▶ [WHAT YOU NEED TO DO]: Retype every line from the start of the data down to and including the line with "I chopped about". Skip the pictures.

(INFORMATION SUPPLIED begins)

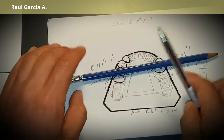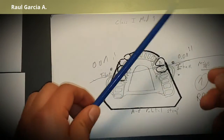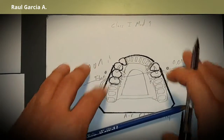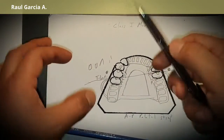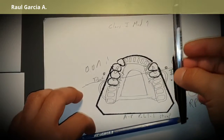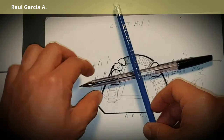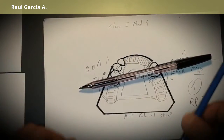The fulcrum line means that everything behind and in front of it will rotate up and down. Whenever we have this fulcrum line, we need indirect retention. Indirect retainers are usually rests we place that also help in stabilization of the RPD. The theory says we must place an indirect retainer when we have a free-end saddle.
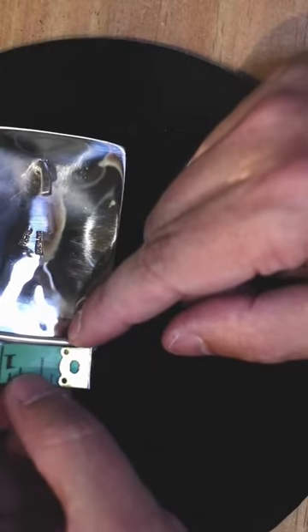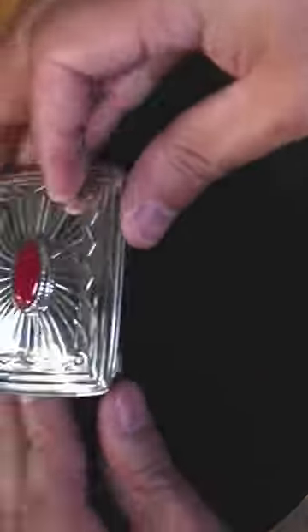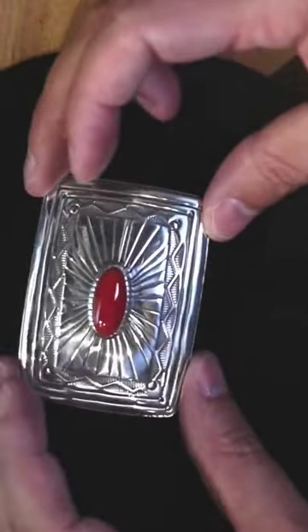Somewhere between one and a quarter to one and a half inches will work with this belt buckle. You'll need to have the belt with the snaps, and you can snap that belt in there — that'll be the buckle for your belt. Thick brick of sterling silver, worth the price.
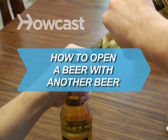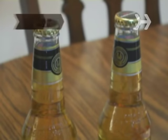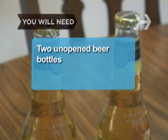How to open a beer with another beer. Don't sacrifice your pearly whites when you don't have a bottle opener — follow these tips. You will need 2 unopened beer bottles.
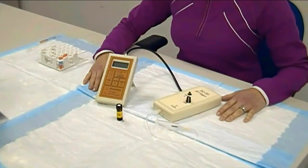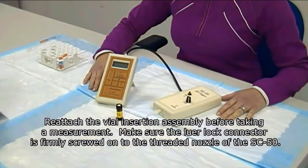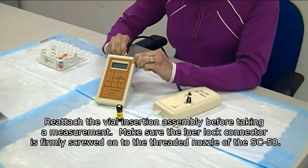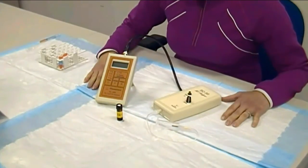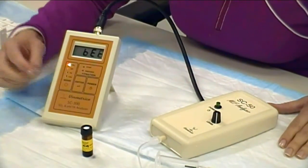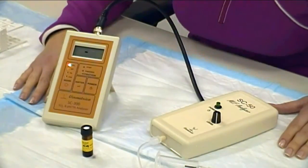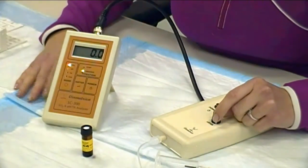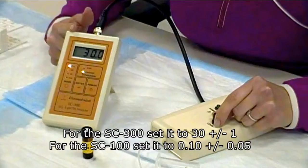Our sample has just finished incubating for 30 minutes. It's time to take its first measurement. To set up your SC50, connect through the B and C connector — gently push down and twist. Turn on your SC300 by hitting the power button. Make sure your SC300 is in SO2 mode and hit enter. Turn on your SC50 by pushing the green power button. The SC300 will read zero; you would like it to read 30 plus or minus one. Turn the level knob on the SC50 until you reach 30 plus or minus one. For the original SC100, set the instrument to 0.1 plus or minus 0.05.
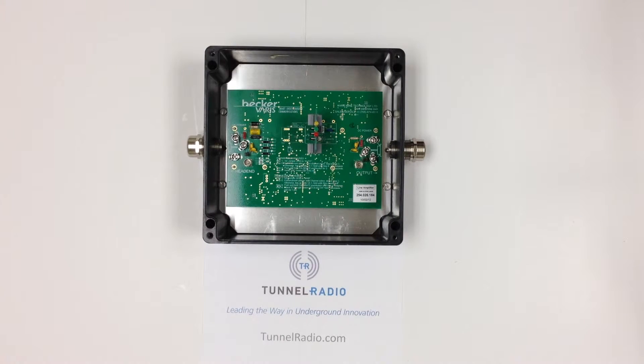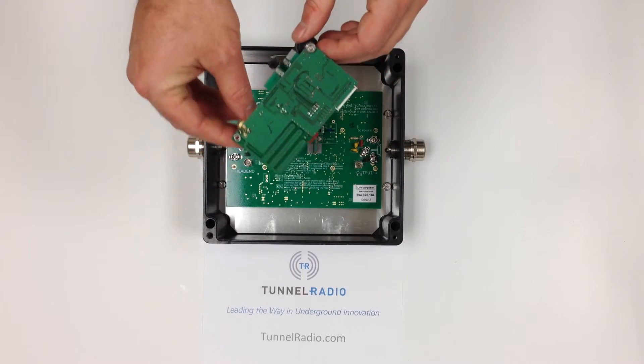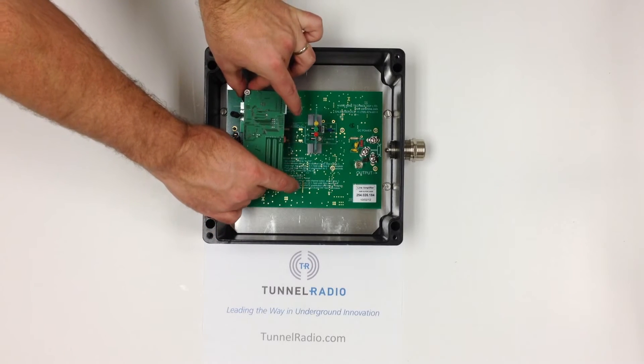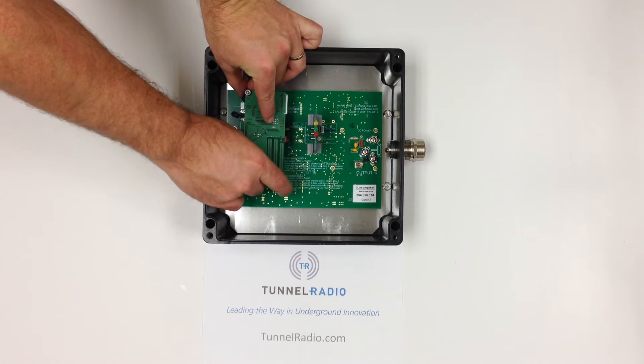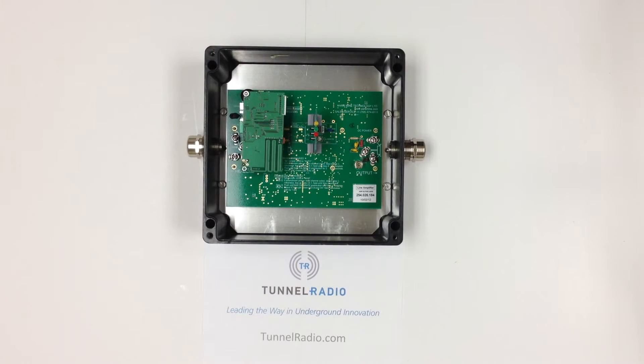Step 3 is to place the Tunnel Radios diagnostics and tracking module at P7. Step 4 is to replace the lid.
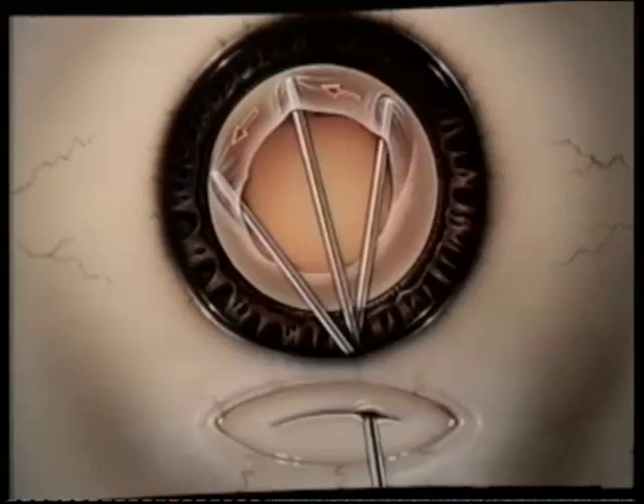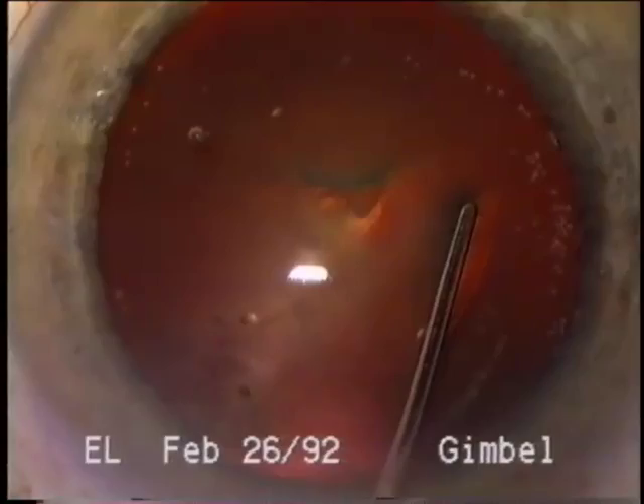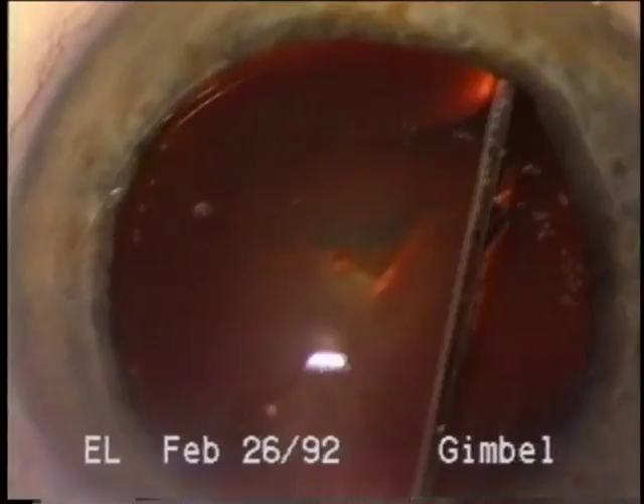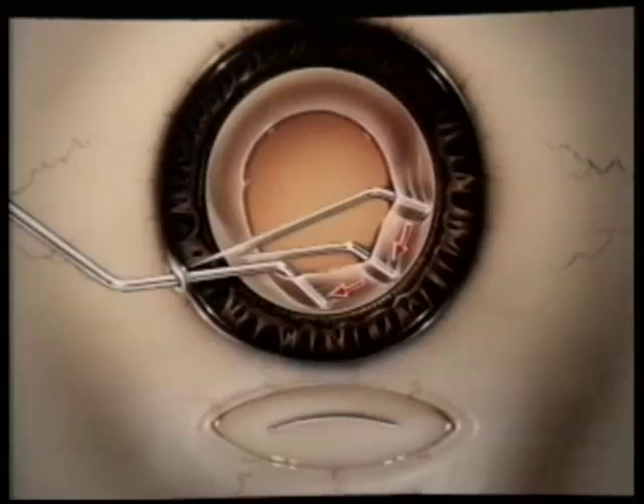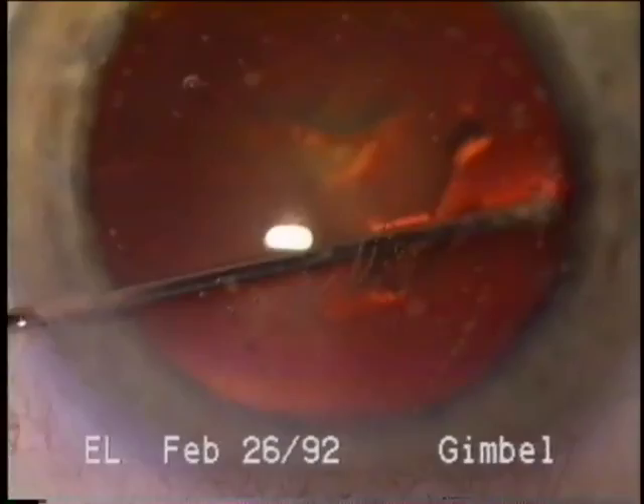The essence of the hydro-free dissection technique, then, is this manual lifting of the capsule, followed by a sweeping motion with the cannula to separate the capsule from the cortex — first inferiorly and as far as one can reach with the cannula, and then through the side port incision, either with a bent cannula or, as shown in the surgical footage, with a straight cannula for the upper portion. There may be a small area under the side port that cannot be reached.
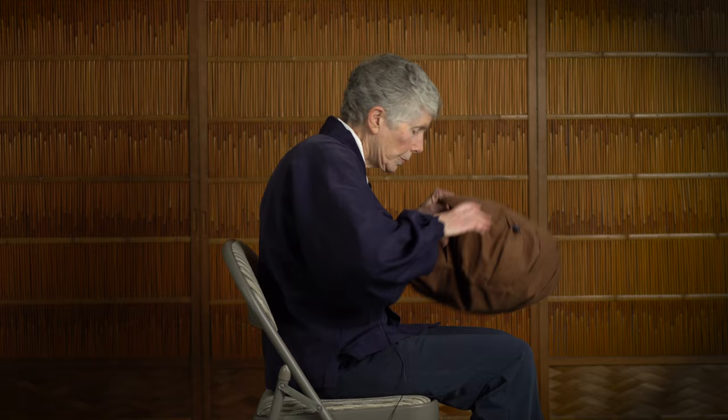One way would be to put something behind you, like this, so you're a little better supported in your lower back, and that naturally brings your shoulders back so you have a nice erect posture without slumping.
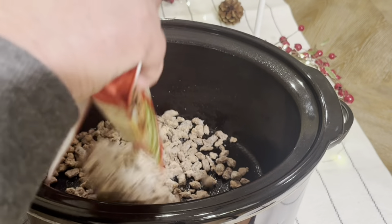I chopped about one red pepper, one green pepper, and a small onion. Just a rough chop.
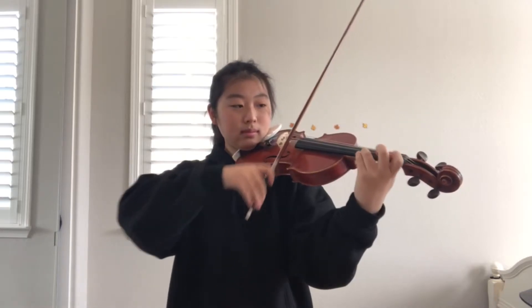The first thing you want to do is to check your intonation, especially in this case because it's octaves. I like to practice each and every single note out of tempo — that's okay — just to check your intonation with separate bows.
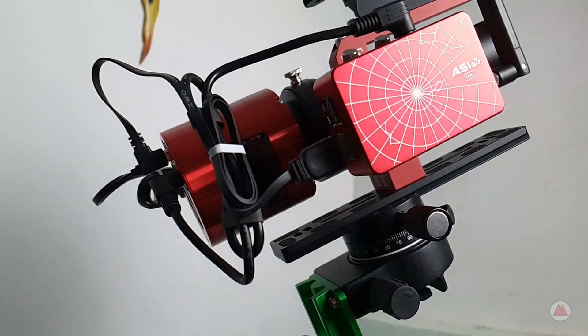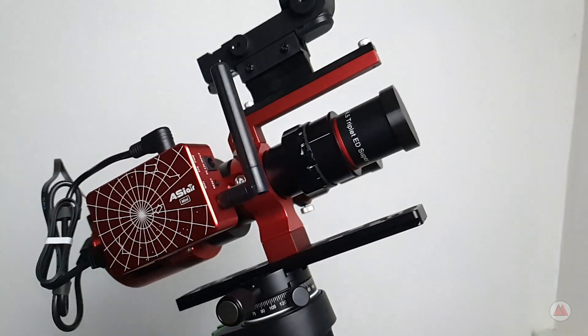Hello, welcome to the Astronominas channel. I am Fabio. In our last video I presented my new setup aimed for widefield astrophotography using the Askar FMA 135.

(INFORMATION SUPPLIED ends)

▶ [REPLY]:
The fulcrum line means that everything behind and in front of it will rotate up and down. Whenever we have this fulcrum line, we need indirect retention. Indirect retainers are usually rests we place that also help in stabilization of the RPD. The theory says we must place an indirect retainer when we have a free-end saddle.
Somewhere between one and a quarter to one and a half inches will work with this belt buckle. You'll need to have the belt with the snaps, and you can snap that belt in there — that'll be the buckle for your belt. Thick brick of sterling silver, worth the price.
How to open a beer with another beer. Don't sacrifice your pearly whites when you don't have a bottle opener — follow these tips. You will need 2 unopened beer bottles.
Our sample has just finished incubating for 30 minutes. It's time to take its first measurement. To set up your SC50, connect through the B and C connector — gently push down and twist. Turn on your SC300 by hitting the power button. Make sure your SC300 is in SO2 mode and hit enter. Turn on your SC50 by pushing the green power button. The SC300 will read zero; you would like it to read 30 plus or minus one. Turn the level knob on the SC50 until you reach 30 plus or minus one. For the original SC100, set the instrument to 0.1 plus or minus 0.05.
Step 3 is to place the Tunnel Radios diagnostics and tracking module at P7. Step 4 is to replace the lid.
The essence of the hydro-free dissection technique, then, is this manual lifting of the capsule, followed by a sweeping motion with the cannula to separate the capsule from the cortex — first inferiorly and as far as one can reach with the cannula, and then through the side port incision, either with a bent cannula or, as shown in the surgical footage, with a straight cannula for the upper portion. There may be a small area under the side port that cannot be reached.
One way would be to put something behind you, like this, so you're a little better supported in your lower back, and that naturally brings your shoulders back so you have a nice erect posture without slumping.
I chopped about one red pepper, one green pepper, and a small onion. Just a rough chop.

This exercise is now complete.